High-Speed Rail

AP California News
Sep 2, 7:45 PM EDT
Associated Press

SACRAMENTO, Calif. (AP) — Opponents of California’s $68 billion high-speed rail project submitted an appeal Tuesday to the state Supreme Court, asking it to overturn a lower court’s ruling that allowed the project to proceed despite questions about whether it complies with promises made to voters.

Central Valley residents argue in their petition that the July 31 ruling by the appellate court undercuts 100 years of legal precedent requiring strict compliance with the intent of the voters in implementing a voter-approved bond measure.

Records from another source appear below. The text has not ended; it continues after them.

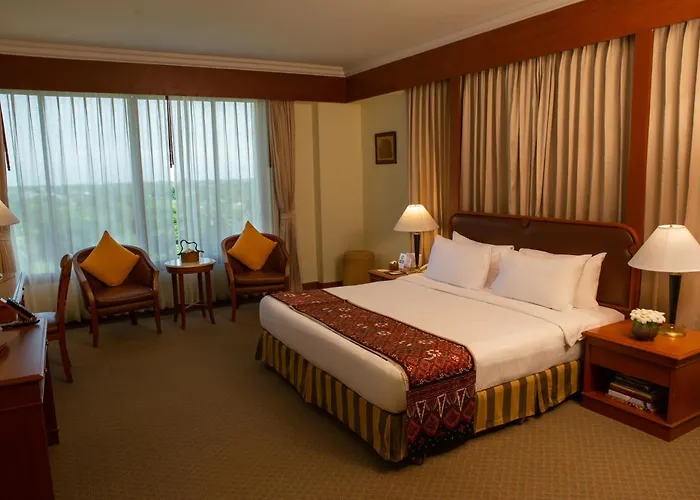 Cs Pattani Hotel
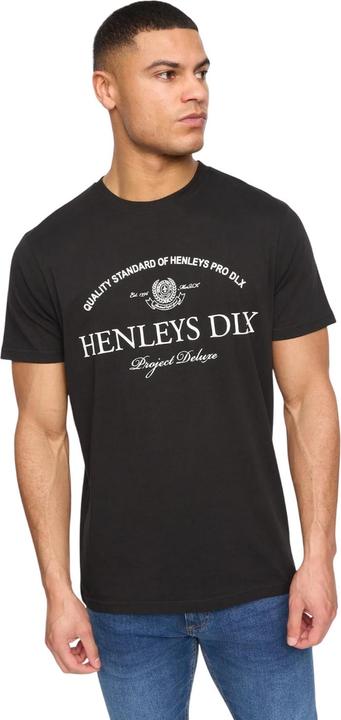 Produktbild Henleys Henclose TShirt (S)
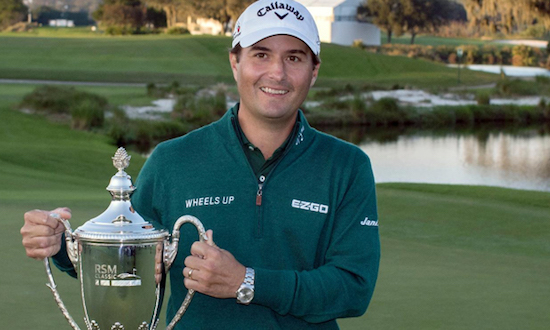 PGA First Look: RSM Classic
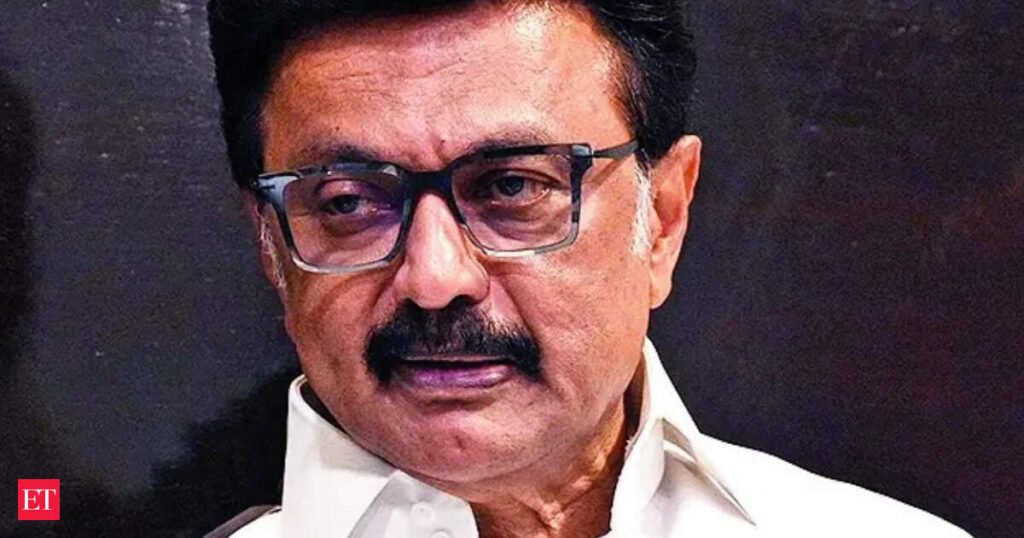 DMK rethinks delimitation stance, says it will study Bill before taking a call
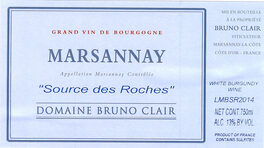 Source des Roches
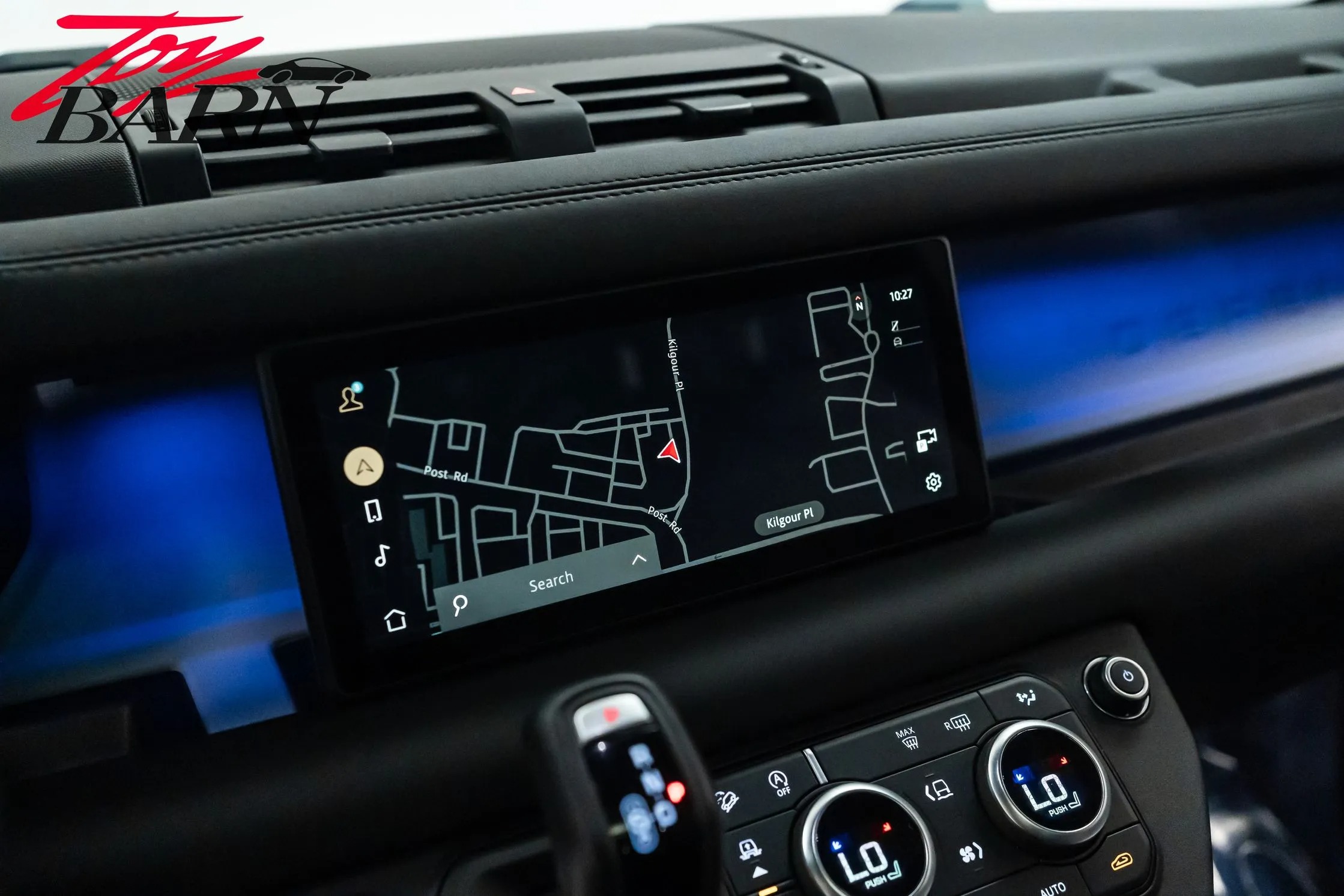 2024 Land Rover Defender 110 S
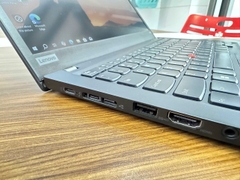 ThinkPad T490s | Core i7-8665U | RAM 32GB | SSD 512GB | 14.0 FHD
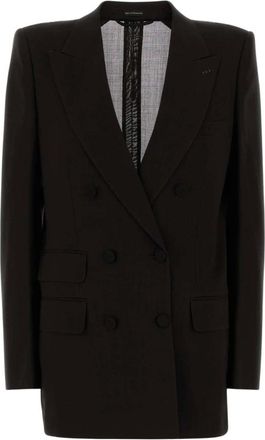 Tom Ford Jassen, Dames, Bruin, S, Blazers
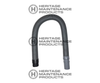 WI 86142650 Vacuum Hose Assembly for Windsor
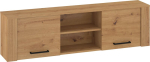 Rippkapp Meblocross Slide Sli-13 2D, pruun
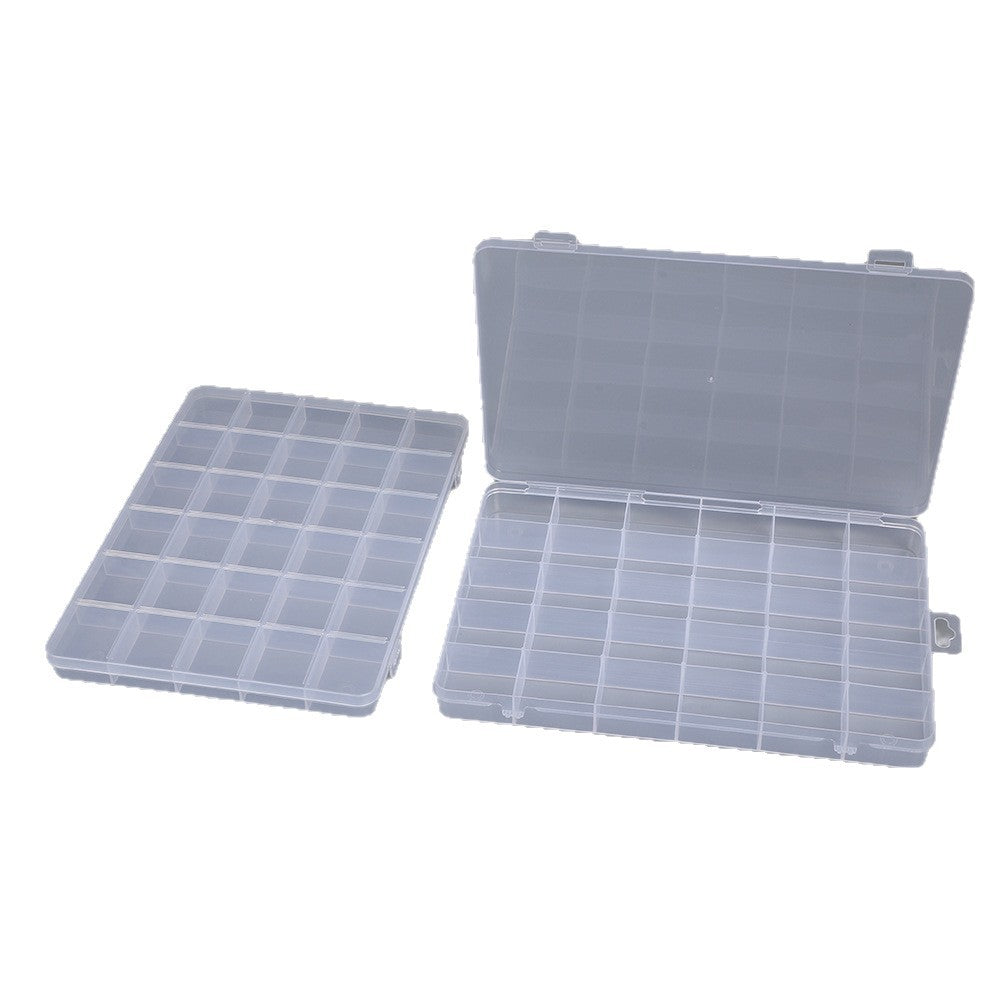 Multifunctional Craft Storage Box Kalsten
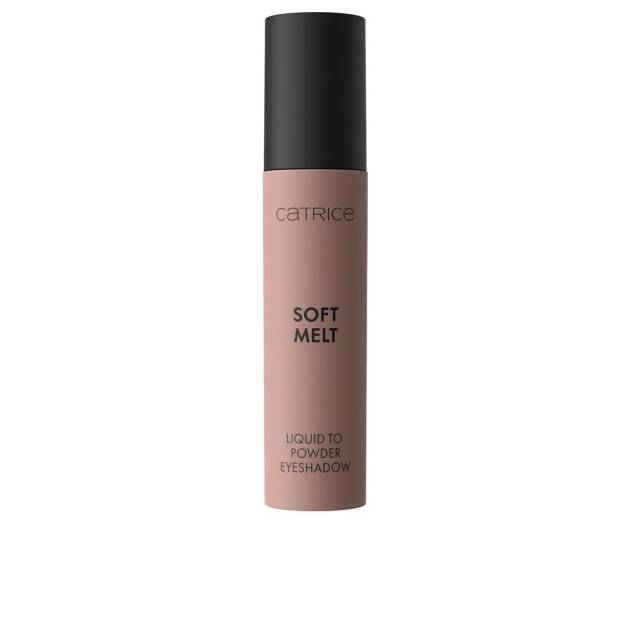 SOFT MELT sombra de ojos de líquido/polvo #010 3,4 ml SOFT MELT sombra de ojos de líquido/polvo #010 3,4 ml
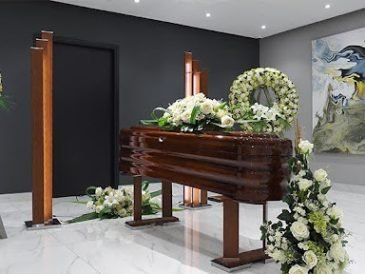 Honoring Traditions with Dignity: Wood Cremation and Funeral Services in Mumbai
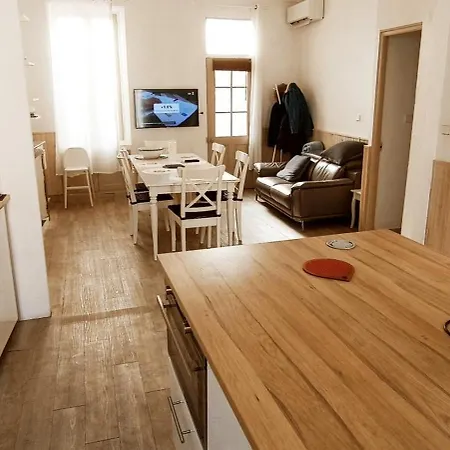 Maison Provencale Дом отдыха *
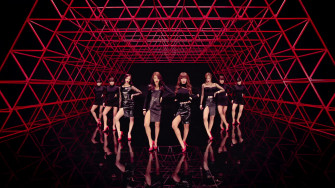HD Kpop Wallpaper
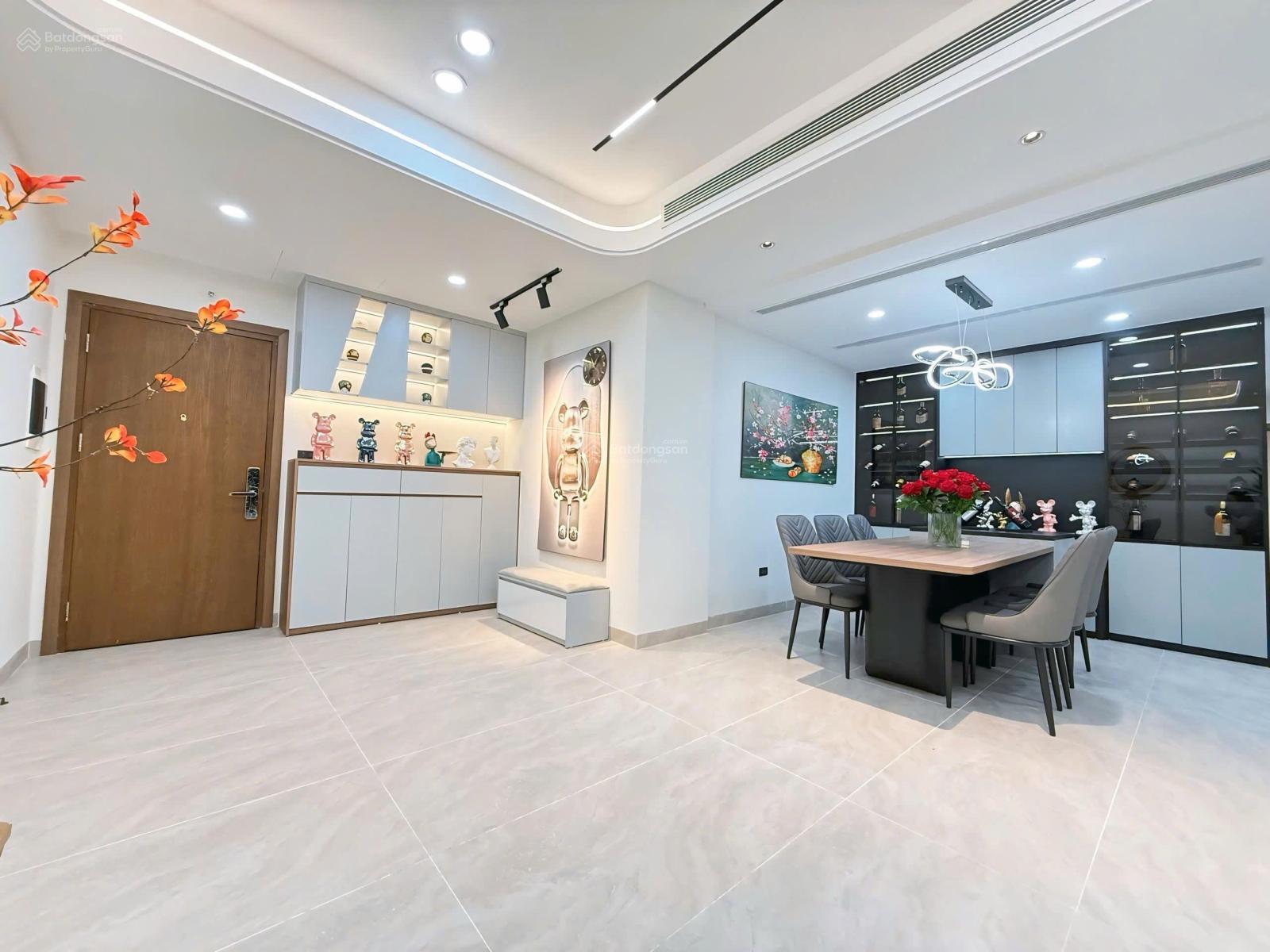 Duy nhất căn 3N2WC 102m2 xịn nhất dự án Mỹ Sơn cần bán nhanh, full đồ, giá tốt chỉ 6 tỷ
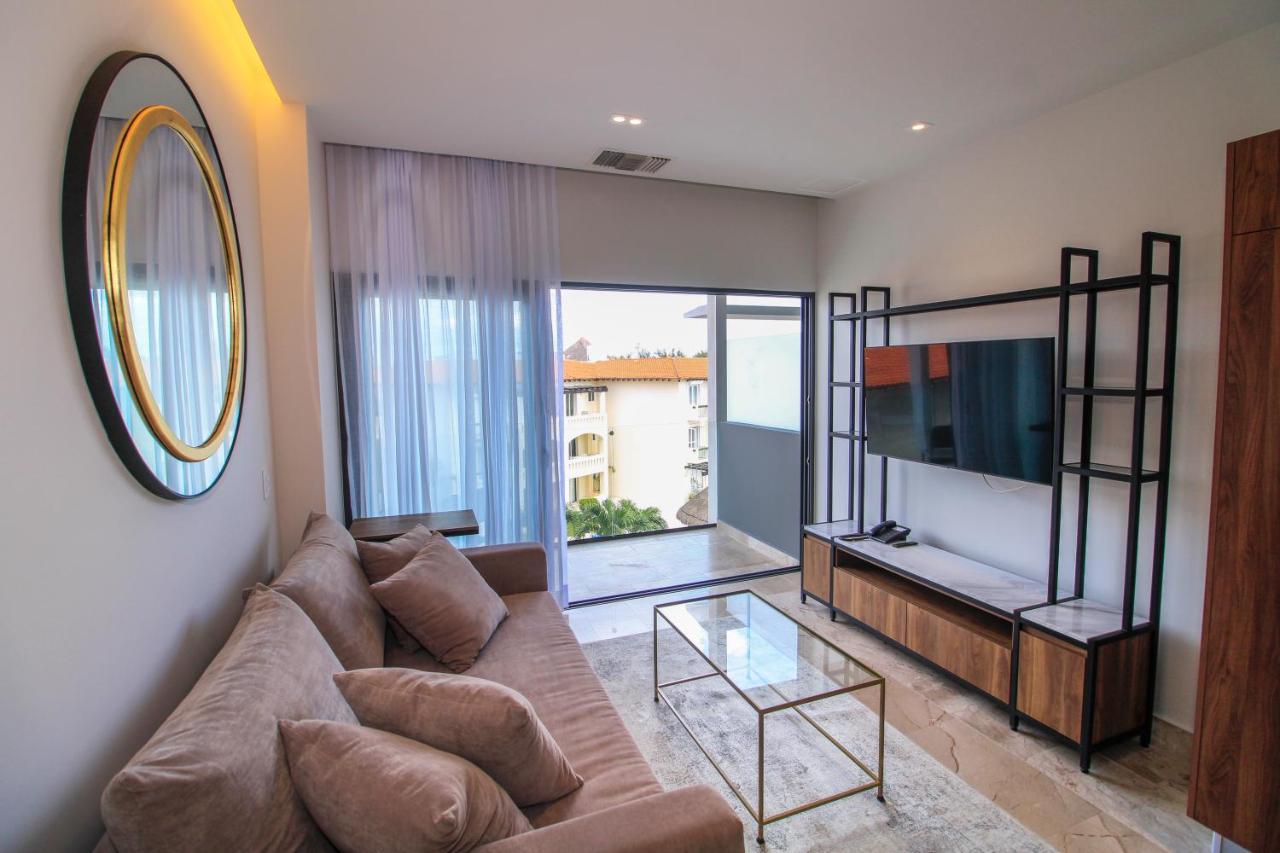 Singular Dream Vacation Rentals Playa del Carmen Luaran gambar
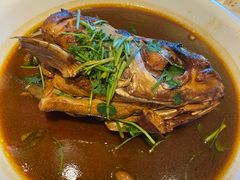 -燕郊烧鸽子(广安路店)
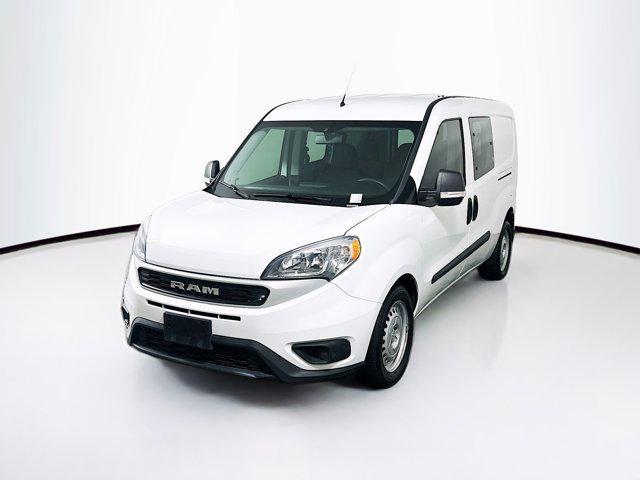 used 2022 Ram ProMaster City car, priced at $27,489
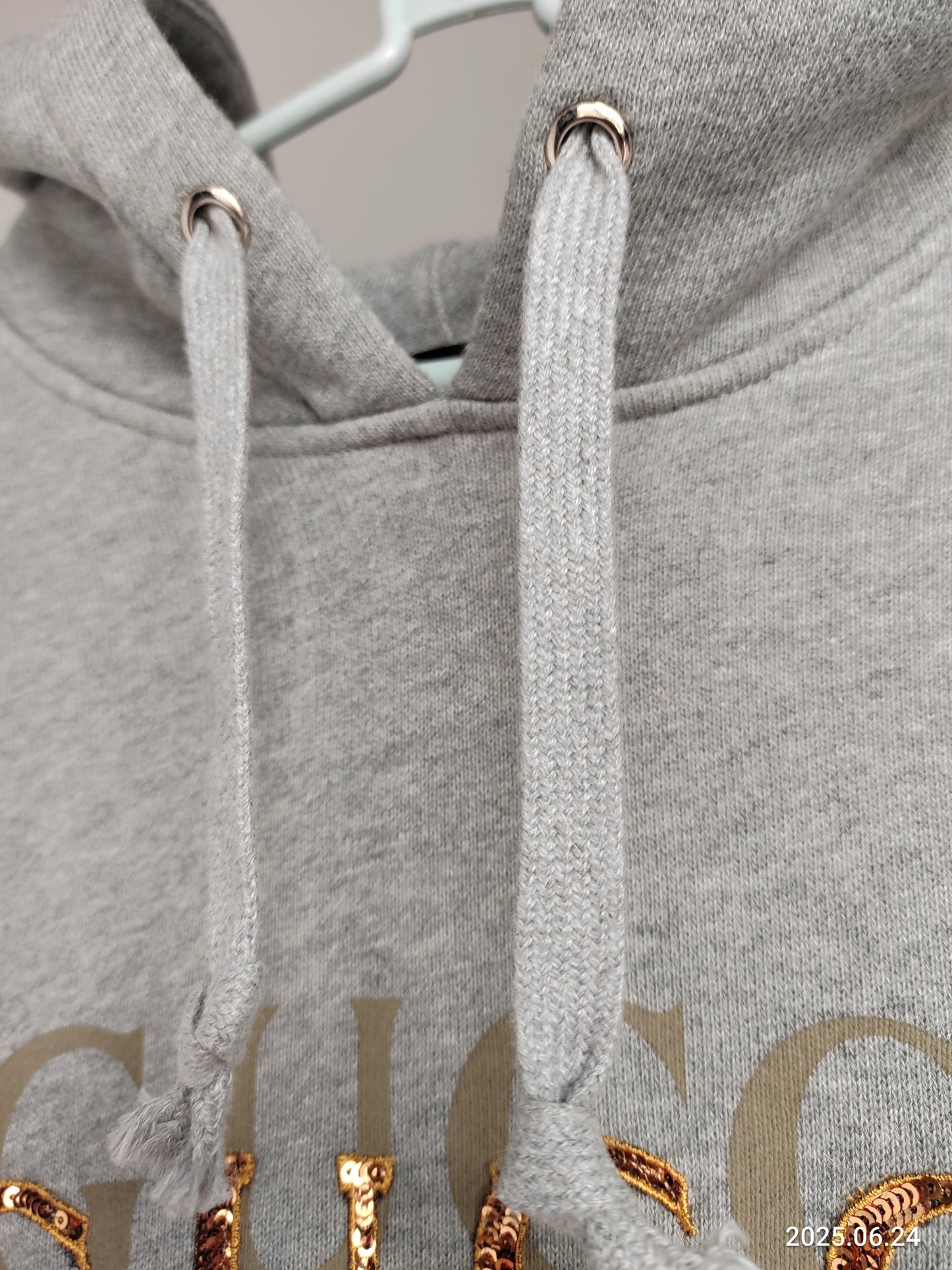 Gucci Disney Donald Duck  Off White Cotton T Shirt  M Regular Fit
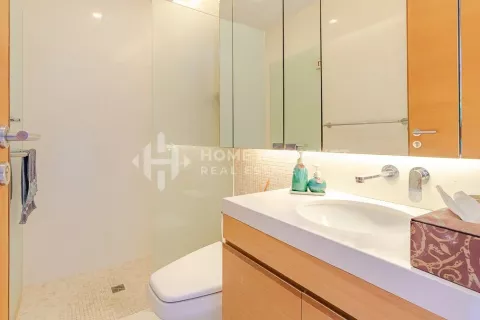 Condo à Phuket, Thaïlande, 4 chambres  № 130993 - photo 23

Proposition 1A, approved by voters, promised that the state would identify funding for the first useable segment of the rail line and that it would have necessary environmental clearances done before starting construction.

The plaintiffs, Kings County and landowners in the Central Valley, successfully argued in Sacramento County Superior Court that the state failed on both counts, identifying only $6 billion of the estimated $26 billion needed for the first 130-mile segment, and failing to secure sufficient environmental approvals.

In rulings that prevented the sale of $8.6 billion in voter-approved bonds and created ongoing uncertainty about the project, the judge ordered the state to draft a new funding plan and seek more environmental clearances.

In its ruling last month, the 3rd District Court of Appeal acknowledged legitimate legal concerns about whether the “high-speed rail project the California High-Speed Rail Authority seeks to build is the project approved by the voters.”